%%

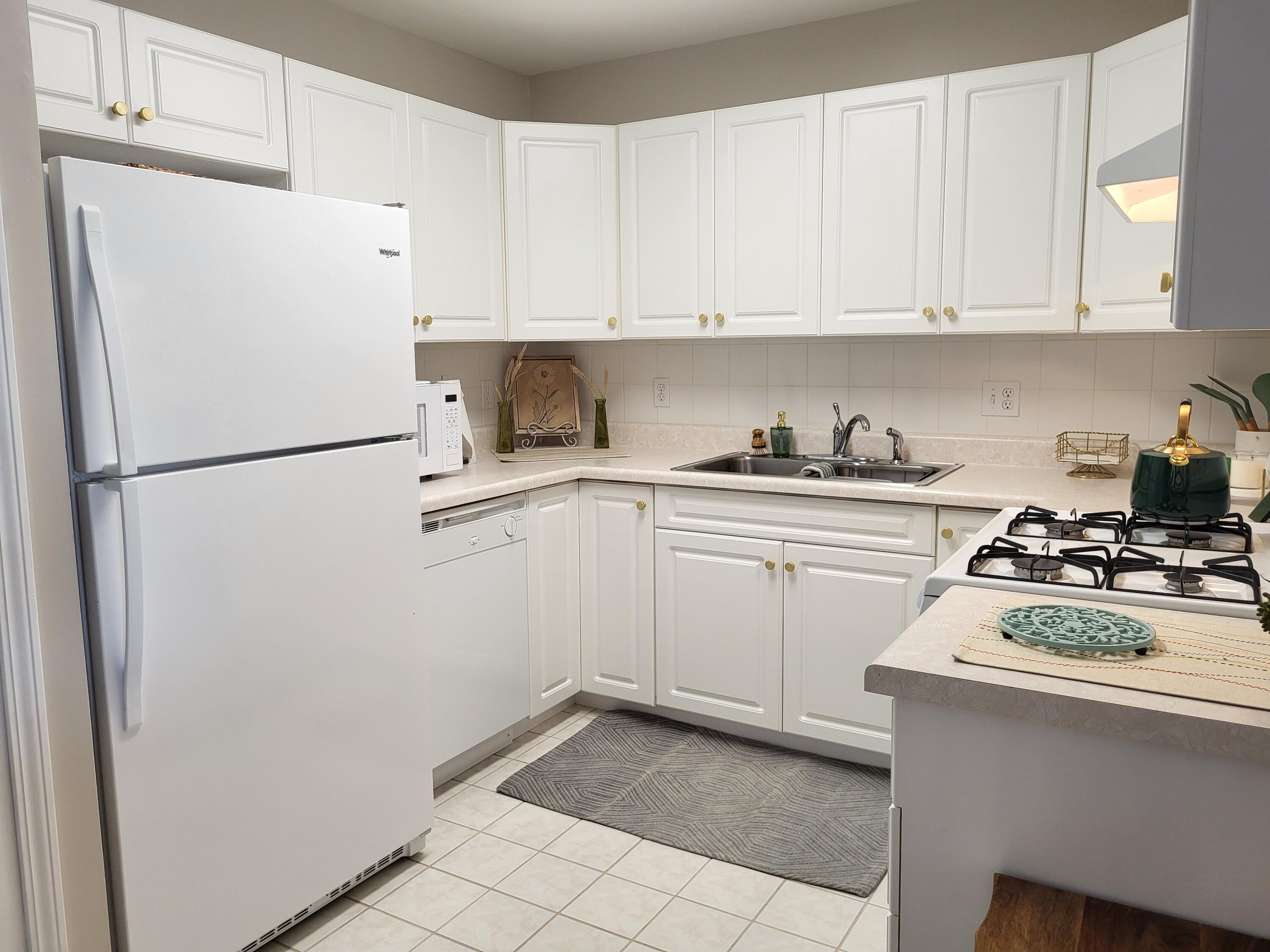 408 Sturdy Road, Unit 8A Valparaiso, IN 46383 - Photo 8 of 14 3000x2250
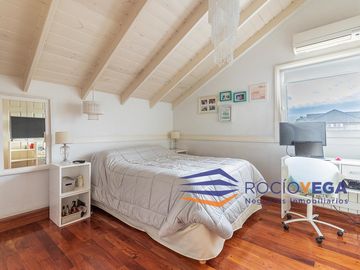 Casa a la venta en country Banco Provincia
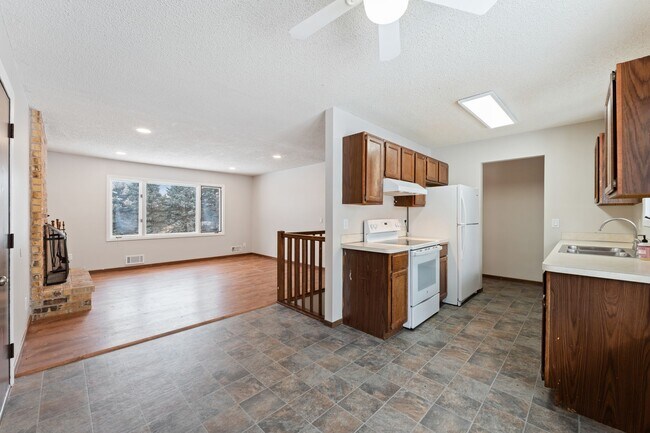 Photo - 4765 Penkwe Cir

%%

WORK INSTRUCTION
Restate word for word each line from the one containing "Casa a la venta en country Banco Provincia" through the end of the material, pictures excluded.

PROBLEM SOLUTION
 Casa a la venta en country Banco Provincia
 Photo - 4765 Penkwe Cir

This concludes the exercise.